Short web captions:
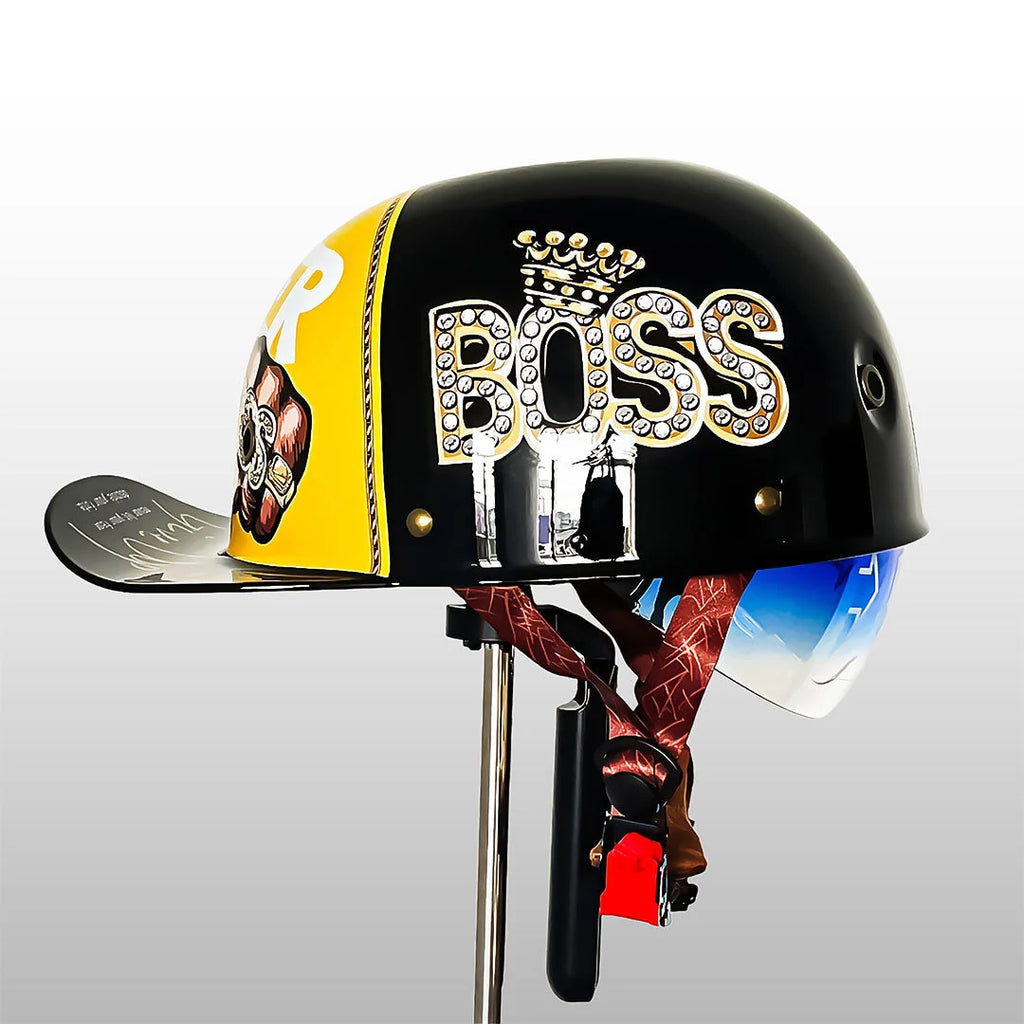 Motorcycle Baseball Helmet | DOT & ECE Certified | Half Shell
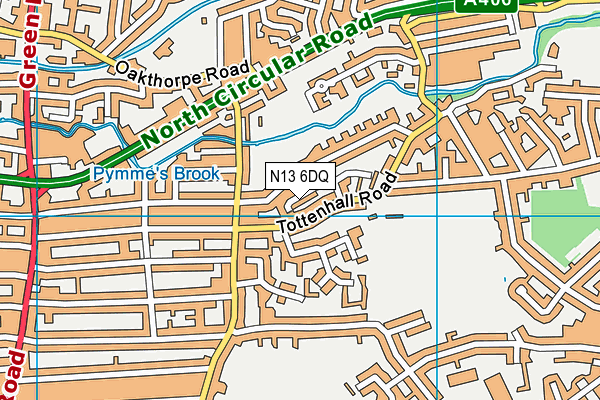 N13 6DQ map - OS VectorMap District (Ordnance Survey) N13 6DQ map - OS VectorMap District (Ordnance Survey)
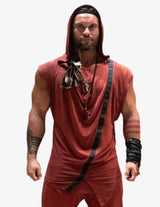 Guru Muscle TULUM TANK – MARSALA RED, view 3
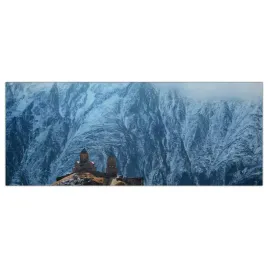 obraz-szklany-foto-obraz-gory-mgla-kosciol-125x50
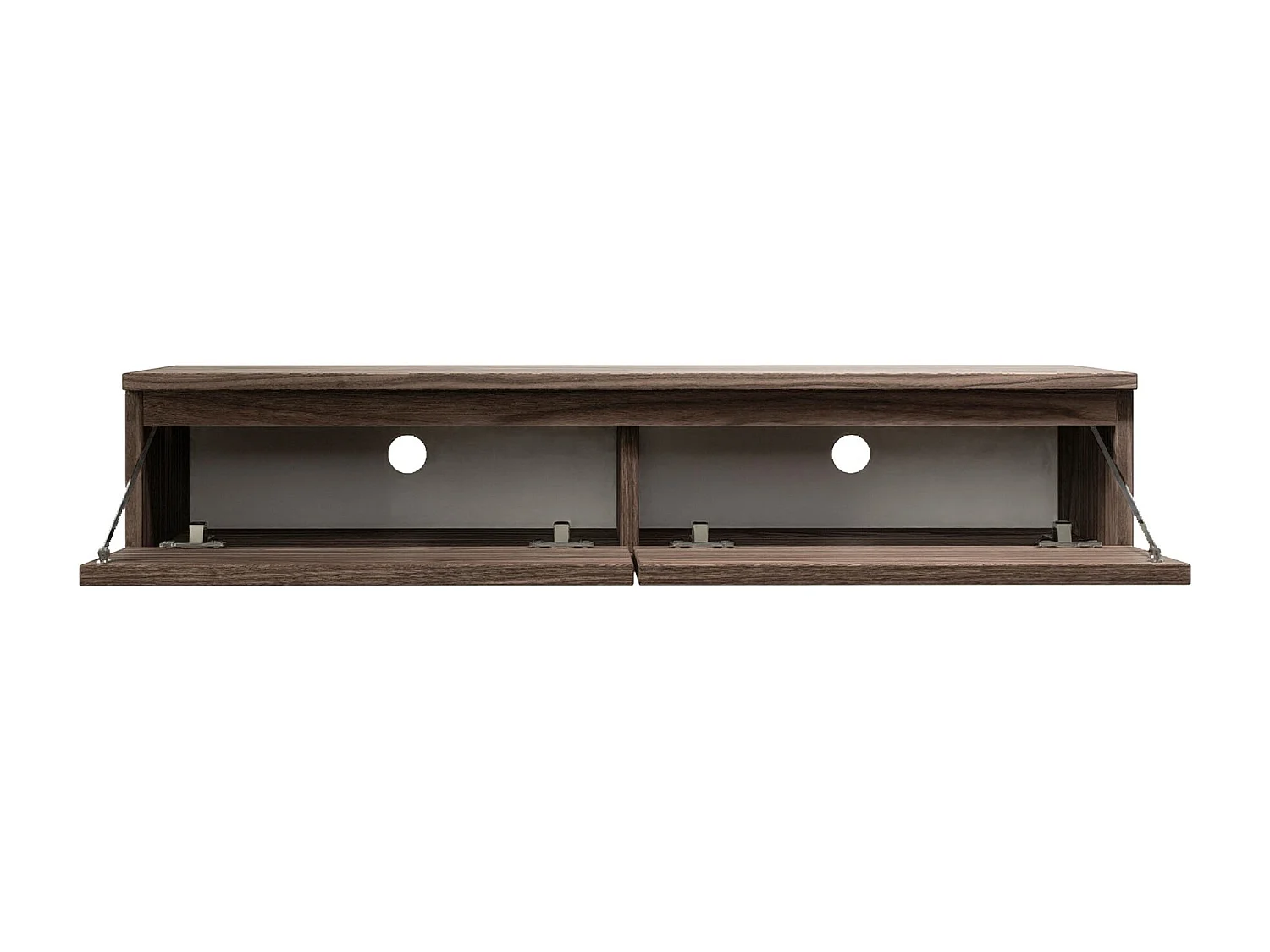TV-Hängeboard 2-türig - Holzoptik Walnuss Wisconsin - 100 cm - BEMMI SLIM
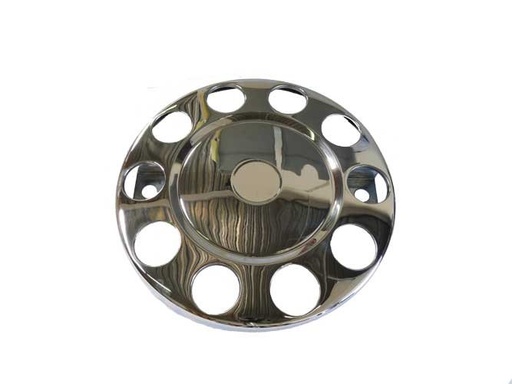[31015822] Closed Center Wheel nut Protector Ring 22.5" with Circle for Aluminum Rims | 10x335mm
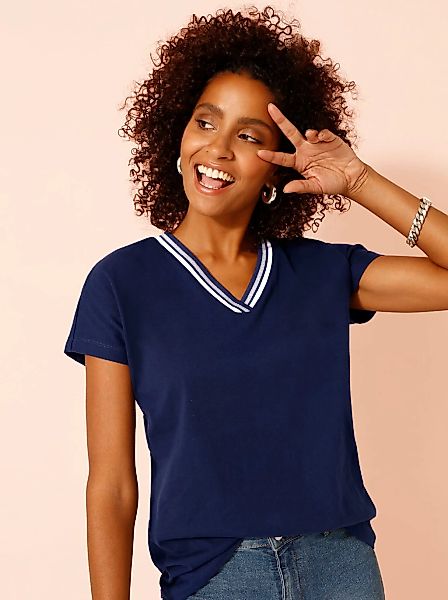 Classic Basics V-Shirt "Shirt", 1 Stk. günstig online kaufen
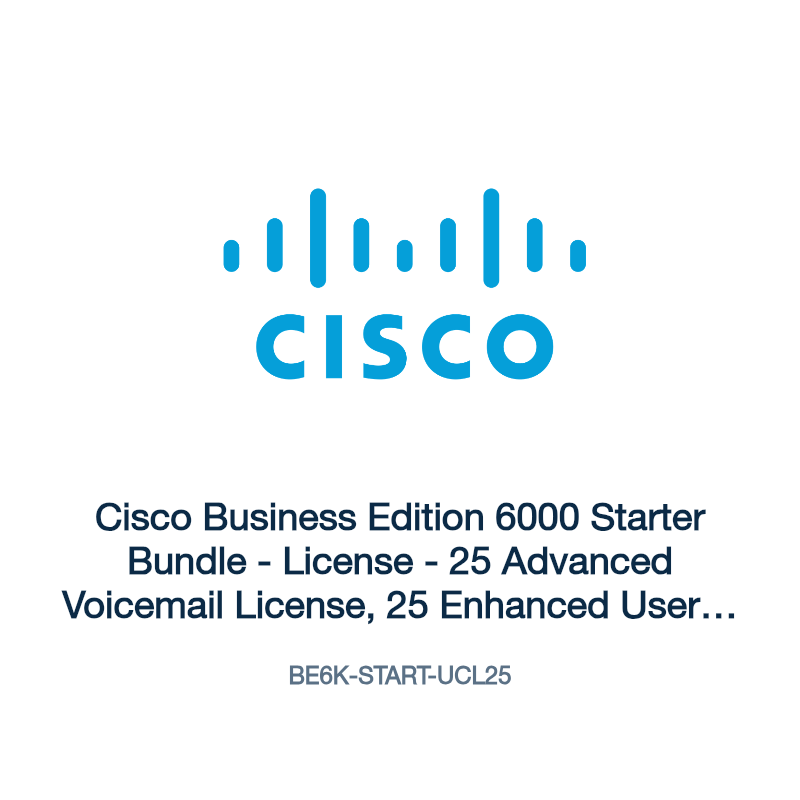 BE6K-START-UCL25: Cisco Business Edition 6000 Starter Bundle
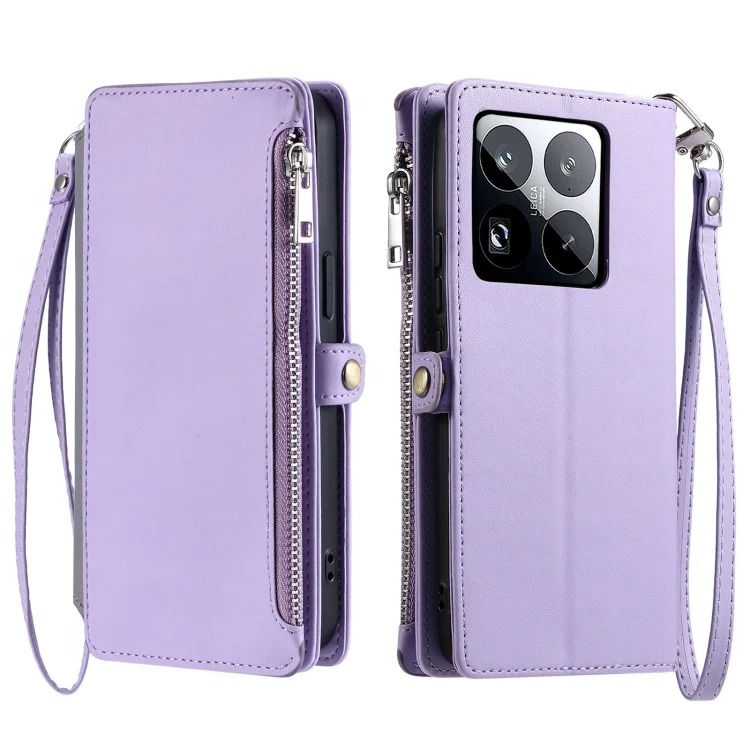 EDA007363202A.webp Leather Stitching Multi-card Slot Zipper Phone Case, For Xiaomi 15 Pro, For Xiaomi 15 - Image 1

== EXERCISE AIM ==
Please retype the lines from the one that contains "N13 6DQ map - OS VectorMap District (Ordnance Survey) N13" to the final line of the records, both included, exactly as written and without any pictures.

== EXPECTED ANSWER ==
 N13 6DQ map - OS VectorMap District (Ordnance Survey) N13 6DQ map - OS VectorMap District (Ordnance Survey)
 Guru Muscle TULUM TANK – MARSALA RED, view 3
 obraz-szklany-foto-obraz-gory-mgla-kosciol-125x50
TV-Hängeboard 2-türig - Holzoptik Walnuss Wisconsin - 100 cm - BEMMI SLIM
[31015822] Closed Center Wheel nut Protector Ring 22.5" with Circle for Aluminum Rims | 10x335mm
 Classic Basics V-Shirt "Shirt", 1 Stk. günstig online kaufen
 BE6K-START-UCL25: Cisco Business Edition 6000 Starter Bundle
 EDA007363202A.webp Leather Stitching Multi-card Slot Zipper Phone Case, For Xiaomi 15 Pro, For Xiaomi 15 - Image 1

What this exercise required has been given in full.